Prostate cancer drug Xtandi, as well as the blood cancer drug Imbruvica, may help additional patients with these cancers.
Prostate Cancer Drug Xtandi Gains New Indication
Xtandi (enzalutamide), a hormonal treatment approved in 2012 for use after chemotherapy in patients with metastatic castration-resistant prostate cancer (mCRPC), now has the green light for use before chemotherapy in men with the same condition. On Sept. 10, the U.S. Food and Drug Administration (FDA) concluded a priority review by expanding the drug’s use based on data from the phase 3 PREVAIL trial. The study showed that Xtandi improved overall survival by 29 percent and progression-free survival, which was based on imaging scans, by 81 percent compared with placebo in men who had not received prior chemotherapy.
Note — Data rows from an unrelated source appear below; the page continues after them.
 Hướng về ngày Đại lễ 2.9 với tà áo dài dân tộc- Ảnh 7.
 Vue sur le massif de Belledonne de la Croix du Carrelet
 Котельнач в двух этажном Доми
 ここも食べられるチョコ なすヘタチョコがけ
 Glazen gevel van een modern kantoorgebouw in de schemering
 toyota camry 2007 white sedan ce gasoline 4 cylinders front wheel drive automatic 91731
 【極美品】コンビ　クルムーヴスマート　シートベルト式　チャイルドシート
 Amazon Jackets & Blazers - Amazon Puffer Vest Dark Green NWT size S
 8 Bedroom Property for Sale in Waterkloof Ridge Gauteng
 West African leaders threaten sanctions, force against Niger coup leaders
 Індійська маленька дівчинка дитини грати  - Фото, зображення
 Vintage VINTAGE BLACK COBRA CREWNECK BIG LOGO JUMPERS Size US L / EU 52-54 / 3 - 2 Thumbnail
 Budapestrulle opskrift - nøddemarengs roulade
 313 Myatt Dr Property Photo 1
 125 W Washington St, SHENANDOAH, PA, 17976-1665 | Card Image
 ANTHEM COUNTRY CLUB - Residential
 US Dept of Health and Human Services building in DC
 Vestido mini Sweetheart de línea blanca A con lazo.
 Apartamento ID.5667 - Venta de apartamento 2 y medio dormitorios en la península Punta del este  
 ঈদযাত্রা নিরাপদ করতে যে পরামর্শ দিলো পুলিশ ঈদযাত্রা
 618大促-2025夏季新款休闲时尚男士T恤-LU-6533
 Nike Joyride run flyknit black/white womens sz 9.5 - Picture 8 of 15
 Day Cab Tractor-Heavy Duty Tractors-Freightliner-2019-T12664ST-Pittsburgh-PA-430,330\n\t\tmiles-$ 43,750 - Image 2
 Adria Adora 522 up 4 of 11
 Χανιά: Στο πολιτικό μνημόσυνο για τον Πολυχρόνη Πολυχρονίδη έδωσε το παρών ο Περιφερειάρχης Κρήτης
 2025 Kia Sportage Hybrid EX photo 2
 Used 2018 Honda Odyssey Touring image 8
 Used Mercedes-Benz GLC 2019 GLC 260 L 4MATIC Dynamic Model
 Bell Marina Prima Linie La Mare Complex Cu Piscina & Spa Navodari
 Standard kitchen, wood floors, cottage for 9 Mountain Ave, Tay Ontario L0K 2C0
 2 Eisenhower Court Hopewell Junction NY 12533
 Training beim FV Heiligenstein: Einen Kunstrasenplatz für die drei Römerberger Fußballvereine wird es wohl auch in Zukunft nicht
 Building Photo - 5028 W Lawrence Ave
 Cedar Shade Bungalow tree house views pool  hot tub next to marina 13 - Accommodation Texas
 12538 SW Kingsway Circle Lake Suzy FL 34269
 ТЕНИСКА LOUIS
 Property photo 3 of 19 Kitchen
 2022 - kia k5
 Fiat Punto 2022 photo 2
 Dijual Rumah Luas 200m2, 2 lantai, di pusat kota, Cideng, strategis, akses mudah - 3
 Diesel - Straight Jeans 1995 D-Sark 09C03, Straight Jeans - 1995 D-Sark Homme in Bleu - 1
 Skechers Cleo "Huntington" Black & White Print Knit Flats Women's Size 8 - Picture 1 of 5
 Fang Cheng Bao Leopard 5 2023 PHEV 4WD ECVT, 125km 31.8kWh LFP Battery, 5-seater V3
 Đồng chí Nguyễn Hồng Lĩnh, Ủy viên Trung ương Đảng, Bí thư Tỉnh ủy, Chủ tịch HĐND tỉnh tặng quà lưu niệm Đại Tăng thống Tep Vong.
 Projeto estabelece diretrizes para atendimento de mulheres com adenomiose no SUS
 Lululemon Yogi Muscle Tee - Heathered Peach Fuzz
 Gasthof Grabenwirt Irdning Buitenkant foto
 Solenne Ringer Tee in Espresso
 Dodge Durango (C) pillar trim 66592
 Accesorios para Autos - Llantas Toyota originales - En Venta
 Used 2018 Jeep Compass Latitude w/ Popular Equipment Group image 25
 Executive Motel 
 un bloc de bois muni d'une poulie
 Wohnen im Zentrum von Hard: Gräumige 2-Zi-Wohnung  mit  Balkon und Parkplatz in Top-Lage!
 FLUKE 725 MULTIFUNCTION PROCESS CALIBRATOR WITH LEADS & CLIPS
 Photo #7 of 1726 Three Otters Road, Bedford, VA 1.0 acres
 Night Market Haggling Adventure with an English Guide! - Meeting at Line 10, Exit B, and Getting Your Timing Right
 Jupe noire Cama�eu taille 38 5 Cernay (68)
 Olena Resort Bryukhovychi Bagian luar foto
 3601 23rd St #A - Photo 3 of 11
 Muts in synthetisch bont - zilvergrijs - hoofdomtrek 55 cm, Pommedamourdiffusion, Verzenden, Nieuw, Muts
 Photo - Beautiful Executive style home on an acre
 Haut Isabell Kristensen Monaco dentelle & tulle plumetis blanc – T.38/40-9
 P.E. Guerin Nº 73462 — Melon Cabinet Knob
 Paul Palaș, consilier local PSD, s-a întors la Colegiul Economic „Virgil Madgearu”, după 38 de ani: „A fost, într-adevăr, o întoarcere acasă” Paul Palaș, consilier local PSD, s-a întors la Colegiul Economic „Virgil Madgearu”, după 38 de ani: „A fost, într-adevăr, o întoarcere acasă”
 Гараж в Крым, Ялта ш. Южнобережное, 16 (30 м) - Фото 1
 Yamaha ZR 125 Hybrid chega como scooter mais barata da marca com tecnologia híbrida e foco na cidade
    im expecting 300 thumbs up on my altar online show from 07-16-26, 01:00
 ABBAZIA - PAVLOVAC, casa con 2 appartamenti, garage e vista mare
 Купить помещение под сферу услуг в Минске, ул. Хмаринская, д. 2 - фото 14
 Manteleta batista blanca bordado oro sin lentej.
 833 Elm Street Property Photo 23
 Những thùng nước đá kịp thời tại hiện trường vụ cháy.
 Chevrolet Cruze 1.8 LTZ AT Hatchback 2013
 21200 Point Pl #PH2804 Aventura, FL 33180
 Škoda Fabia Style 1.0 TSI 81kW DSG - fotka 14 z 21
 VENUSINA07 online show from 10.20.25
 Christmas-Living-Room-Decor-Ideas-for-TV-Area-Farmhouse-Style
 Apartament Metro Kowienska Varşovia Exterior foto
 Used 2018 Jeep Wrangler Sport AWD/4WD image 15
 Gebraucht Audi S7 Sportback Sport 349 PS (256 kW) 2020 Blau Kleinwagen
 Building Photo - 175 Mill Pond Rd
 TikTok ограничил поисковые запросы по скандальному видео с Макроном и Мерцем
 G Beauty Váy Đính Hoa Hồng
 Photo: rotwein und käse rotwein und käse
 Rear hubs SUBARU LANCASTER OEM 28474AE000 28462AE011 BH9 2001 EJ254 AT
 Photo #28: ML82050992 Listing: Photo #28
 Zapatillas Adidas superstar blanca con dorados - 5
“In the PREVAIL trial, the median time to initiating chemotherapy was delayed by 17 months with enzalutamide treatment as compared to placebo, so the result is a meaningful period of time during which men have their disease controlled without the need for chemotherapy,” said the trial’s lead investigator, Tomasz M. Beer, deputy director of the Knight Cancer Institute and professor of medicine at Oregon Health & Science University.
With the addition of Xtandi, the median time before beginning chemotherapy was prolonged from 10.8 months to 28 months. A decline in prostate-specific antigen of greater than 90 percent was detected in 46.8 percent of patients treated with Xtandi compared with 1.2 percent for placebo. Median overall survival was 32.4 months with Xtandi versus 30.2 months with placebo.
The most common side effects with Xtandi versus placebo were fatigue, back pain and constipation.
Fourth Indication Sought for Imbruvica
A drug recently approved for the treatment of three distinct blood cancer types could eventually be OK’d as therapy for a fourth group—patients with Waldenström’s macroglobulinemia (WM). As of Oct. 22, the FDA was reviewing Imbruvica (ibrutinib) as a potential treatment for WM. The drug is already approved for the second-line treatment of mantle cell lymphoma and chronic lymphocytic leukemia (CLL), and also for a subtype of CLL identified as having a chromosomal abnormality called a 17p deletion. If granted the new indication, Imbruvica would become the first treatment approved specifically for use in WM, a rare, slow-growing, incurable type of B-cell lymphoma.
Data reported at the 2013 annual meeting of the American Society for Hematology showed that Imbruvica rapidly reduced levels of serum immunoglobulin M, an antibody produced by B cells, and improved hematocrit levels in patients with relapsed or refractory WM. However, patients who harbored a specific mutation present in about 30 percent of patients with WM were less likely to respond to the agent.
Lenvatinib Could Be an Option in Thyroid Cancer
The FDA granted a priority review Oct. 14 to the targeted drug lenvatinib as a potential treatment for patients with progressive, radioactive iodine-refractory differentiated thyroid cancer. The FDA expects to make a decision by April 14, 2015.
There were no effective treatment options for patients with this condition until November 2013, when the FDA approved Nexavar (sorafenib). Like Nexavar, lenvatinib, an oral drug, is an anti-angiogenic agent that blocks blood vessel growth to the tumor.
The new drug application for lenvatinib was based on findings from the phase 3 SELECT trial that were presented at the 2014 annual meeting of the American Society of Clinical Oncology. In the study, the risk of disease progression was reduced by 79 percent in patients treated with lenvatinib compared with placebo. The median progression-free survival (PFS) with lenvatinib was 18.3 months versus 3.6 months with placebo.
The median PFS with lenvatinib following treatment with a prior anti-angiogenic therapy was 15.1 months. Median overall survival numbers were not yet available.
Side effects included hypertension, diarrhea, decreased appetite, weight loss and nausea.
Expedited Review for Colorectal Cancer Drug
Patients with metastatic colorectal cancer that has progressed on other therapies moved closer to gaining a new treatment option on Oct. 20, when the FDA granted fasttrack designation to the drug tipiracil (TAS-102).
The request for FDA approval is based on promising findings from the phase 3 RECOURSE study. In the study, patients treated with tipiracil had an overall survival of 7.1 months compared with 5.3 months for those taking placebo. Median progression-free survival was 2 months in the investigational arm versus 1.7 months with placebo. The drug worked better in patients who did not have a KRAS mutation.